ADR-0130: SSIMULACRA 2 scalar implementation¶

Status: Accepted
Date: 2026-04-20
Deciders: lusoris
Tags: metrics, feature-extractor, ssimulacra2

Context¶

ADR-0126 (Proposed in PR #67) scopes the SSIMULACRA 2 workstream at the proposal level — choosing the metric and its place in the fork's feature surface. This ADR closes out the scalar-port implementation: the concrete C sources, the color-space handling, the Gaussian-blur algorithm, and the scope split between the scalar baseline (this PR) and the SIMD variants (follow-ups).

Decision¶

We ship a scalar-only vmaf_fex_ssimulacra2 feature extractor in core/src/feature/ssimulacra2.c that:

Ingests YUV 4:2:0 / 4:2:2 / 4:4:4 at 8/10/12 bpc with nearest-neighbor chroma upsampling, converts to non-linear sRGB via a configurable YUV→RGB matrix (yuv_matrix option: BT.709/BT.601 × limited/full), then applies the sRGB EOTF to reach linear RGB.
Converts linear RGB → XYB using libjxl's exact opsin absorbance matrix and cube-root bias, then applies MakePositiveXYB.
Computes six pyramid scales with 2×2 box downsampling in linear RGB between scales, per-scale Gaussian blur via libjxl's FastGaussian 3-pole recursive IIR (k={1,3,5}, Charalampidis 2016 truncated-cosine approximation, zero-pad boundaries — bit-close port of lib/jxl/gauss_blur.cc), per-scale SSIMMap and EdgeDiffMap, and the final 108-weight polynomial pool with the canonical libjxl coefficients.
Exposes one feature, ssimulacra2, in the 0..100 range with identity inputs returning exactly 100.000000.

Snapshot-comparison against tools/ssimulacra2 ships as a follow-up PR (ssimulacra2_rs cargo install currently broken; Pacidus Python port uses scipy's convolutional Gaussian and so cannot verify the IIR port).
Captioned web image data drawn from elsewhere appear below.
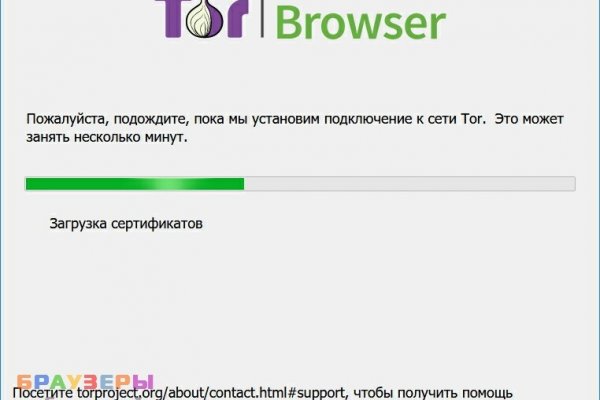 При входе на кракен пишет вы забанены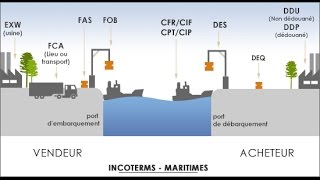 Les incoterms 2010 Logistique international TSC Commerce [upl. by Nordin690]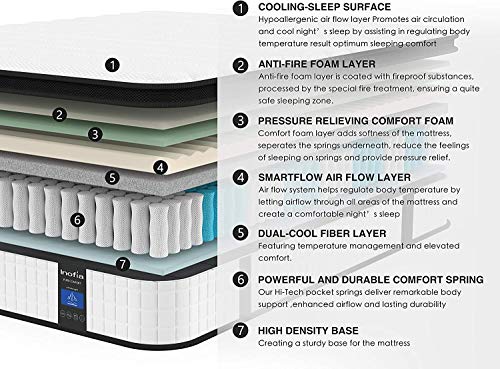 Inofia Twin Mattress, 12 Inch Hybrid Innerspring Single Mattress in a Box, Cool Bed with Breathable Soft Knitted Fabric Cover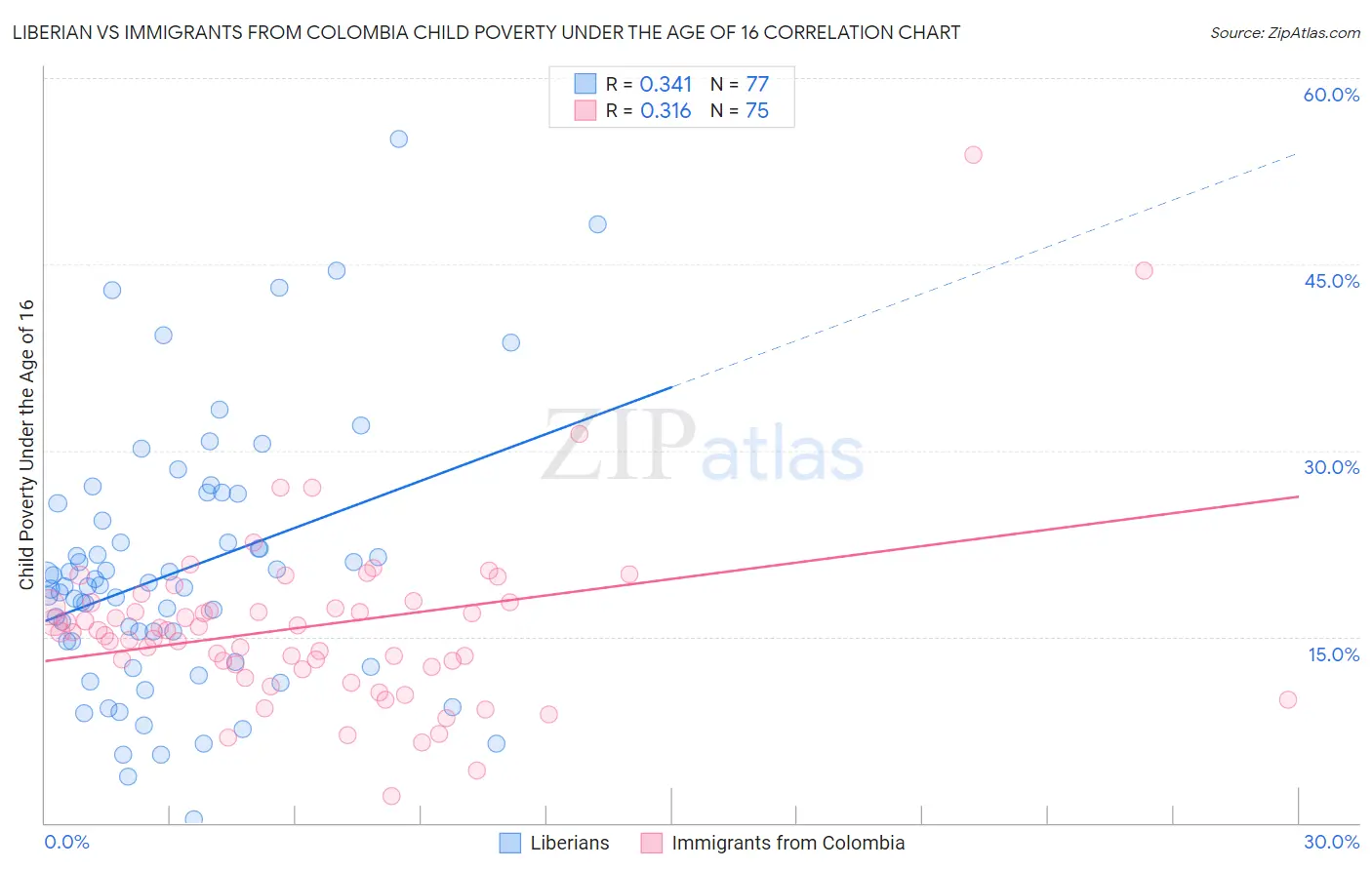 Liberian vs Immigrants from Colombia Child Poverty Under the Age of 16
This PR does not commit testdata/scores_cpu_ssimulacra2.json.

Alternatives considered¶

Option	Pros	Cons	Why not chosen
Scalar port + libjxl FastGaussian IIR (chosen)	Algorithmically matches libjxl's canonical pipeline; ~2× faster than a 11-tap convolutional kernel at σ=1.5; independent of kernel-radius tuning; clear SIMD path (libjxl's own 4-lane unroll) for follow-up PRs	Adds ~120 LOC of coefficient derivation (Cramer's rule 3×3 solve + trig) and per-column state for the vertical pass	Chosen: the popup explicitly picked "libjxl FastGaussian IIR (Recommended)" as the blur algorithm
Scalar port + separable convolutional Gaussian	Simpler (~40 LOC); matches scipy's `gaussian_filter` used by the Pacidus Python port	Drifts from libjxl's canonical output; reflect-pad semantics differ; scores diverge from `tools/ssimulacra2`	Rejected per popup — the fork standardises on the libjxl reference, not the Python reference
Link against system libjxl for the whole inner loop	Zero algorithmic drift	Hard dependency on libjxl 0.11+ headers; pulls in CMS + image-bundle + 10+ other headers; violates the fork's "no new runtime deps" posture	Rejected — too invasive for a metric that is ~650 LOC of well-understood math
Ship scaffold only, defer implementation to N PRs	Smaller PR surface	User explicitly picked "Full scalar port in one PR" in the pre-work popup	Rejected per direct user direction

Consequences¶

Positive: ssimulacra2 joins the fork's feature surface as a runnable CPU metric with libjxl-equivalent blur semantics; SIMD follow-ups can mirror libjxl's 4-lane unroll one-for-one.
Positive: IIR runtime is independent of σ — future research on alternative blur kernels does not need to rebuild the radius/truncate constants.
Negative: scalar path is ~1 fps at 1080p — unsuitable for interactive use until the AVX2/AVX-512/NEON variants land. The IIR recurrence is data-dependent, so speedups come from per-lane unroll, not from widening a single kernel tap.
Negative: coefficient derivation in create_recursive_gaussian runs in doubles with Cramer's rule and may differ from libjxl's Inv3x3Matrix in the ULP of the stored n2/d1 floats. For σ=1.5 both implementations produce identical coefficients when printed to 10 decimals; bit-exactness of the per-frame score depends on the coefficient path staying stable. The AVX2 SIMD follow-up will use the same scalar coefficient path, ensuring bit-exactness across backends.
Neutral / follow-ups:
PR N+1: AVX2 SIMD variant for the per-plane inner loops (FastGaussian 4-lane unroll, XYB matrix mul, SSIM/EdgeDiff maps).
PR N+2: AVX-512 + NEON variants.
PR N+3: snapshot JSON via tools/ssimulacra2 once the cargo install is unblocked, gated in CI at a documented tolerance.
PR N+4: optional CUDA/SYCL backend once the scalar path is stable.

References¶

libjxl algorithm: tools/ssimulacra2.cc
libjxl FastGaussian IIR: lib/jxl/gauss_blur.cc
Charalampidis 2016: "Recursive Implementation of the Gaussian Filter Using Truncated Cosine Functions"
Python reference: Pacidus/ssimulacra2
Proposal ADR: ADR-0126 (Proposed in PR #67)
Related research: Research-0007
Source: req — user popup answers "Full scalar port in one PR (Recommended)" + "Bundle FastGaussian into this PR, SIMD follows" + "libjxl FastGaussian IIR (Recommended)"